31. Stante la reciproca soccombenza nel ricorso R.G. n. 17526/2015, le spese relative a tale giudizio vanno compensate tra le parti, mentre quanto al ricorso R.G. n. 15587/2017, le spese sono regolate secondo soccombenza e liquidate nella misura indicata in dispositivo per esborsi e compensi professionali, oltre spese forfettarie nella misura del 15 per cento del compenso totale per la prestazione, ai sensi dell’art. 2 del D.M. 10 marzo 2014, n. 55.
32. Va dato atto della sussistenza dei presupposti processuali per il versamento, da parte del ricorrente principale e del ricorrente incidentale nel ricorso n. 17526/2015 e da parte del ricorrente nel ricorso n. 15587/2017, ai sensi dell’art. 13, comma 1 -quater, del d.P.R. 30 maggio 2002 n. 115, nel testo introdotto dall’art. 1, comma 17, della legge 24 dicembre 2012, n. 228, di un ulteriore importo a titolo di contributo unificato, in misura pari a quello, ove dovuto, per ciascun ricorso, a norma del comma 1 -bis dello stesso art. 13 (v. Cass. S.U. n. 23535 del 2019 e n. 4315 del 2020).
P.Q.M.
Riunisce i ricorsi nn. 17526/2015 e 15587/2017, rigetta il secondo e, quanto al primo, rigetta il ricorso proposto da F.V. e dichiara inammissibile il ricorso incidentale della C. s.p.a.
Compensa tra le parti le spese relative al ricorso n. 17526/2015 e, quanto al ricorso 155587/2017, condanna F.V. al pagamento delle spese, liquidate in euro 3.500,00 per compensi e in euro 200,00 per esborsi, oltre 15% per spese generali e accessori di legge.
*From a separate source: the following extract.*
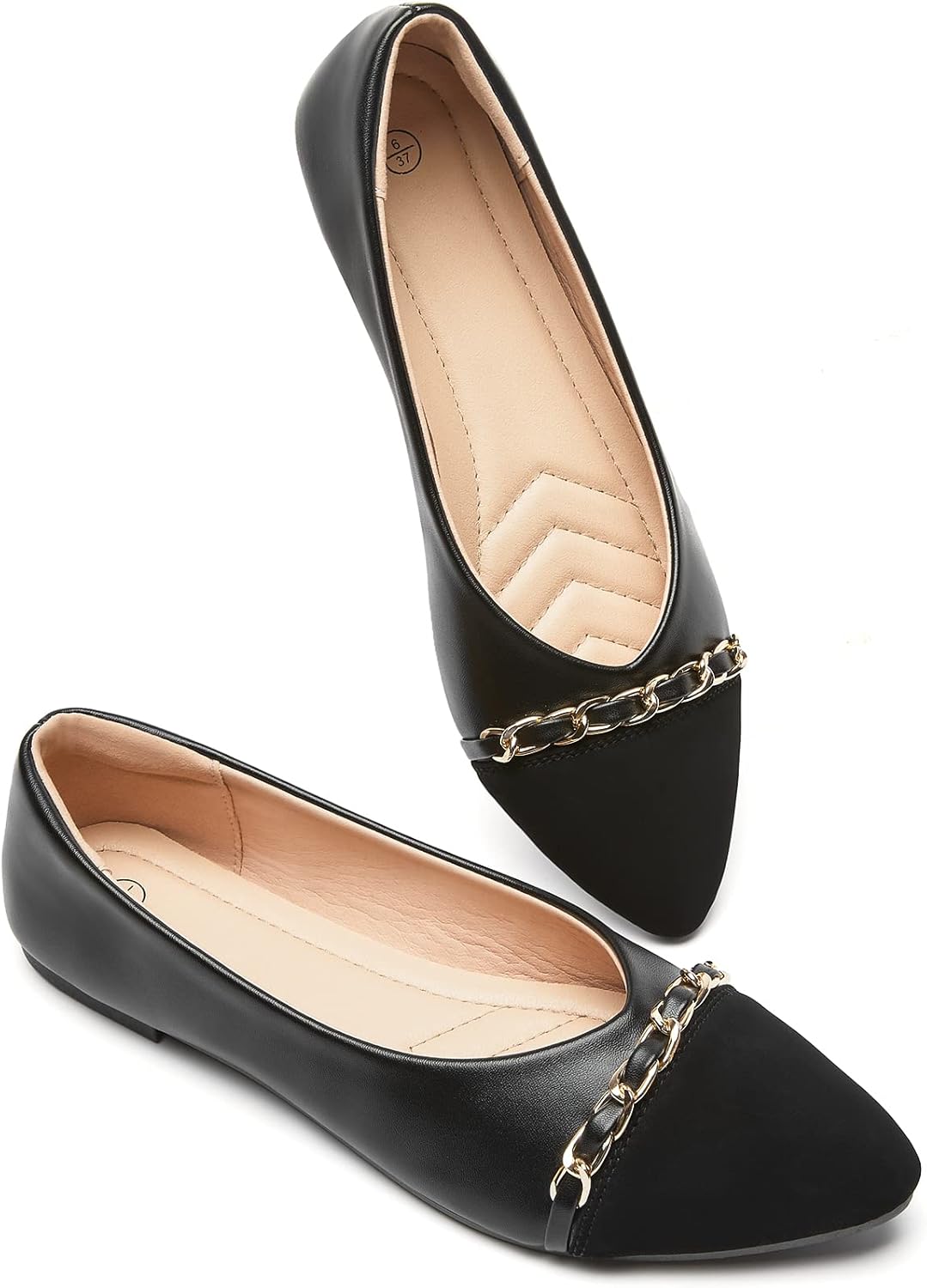 Women's Black Flats Shoes,White Dress Shoes for Women,Crimping Faux Suede Ballet Flats Comfortable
Ai sensi dell’art. 13 comma 1-quater del d.P.R. n.115 del 2002, dà atto di sussistenza dei presupposti processuali per il versamento, da parte ciascun ricorrente sia principale sia incidentale, dell’ulteriore importo a titolo di contributo unificato pari a quello previsto per il ricorso principale e per il ricorso incidentale, a norma del comma 1-bis, dello stesso articolo 13, se dovuto.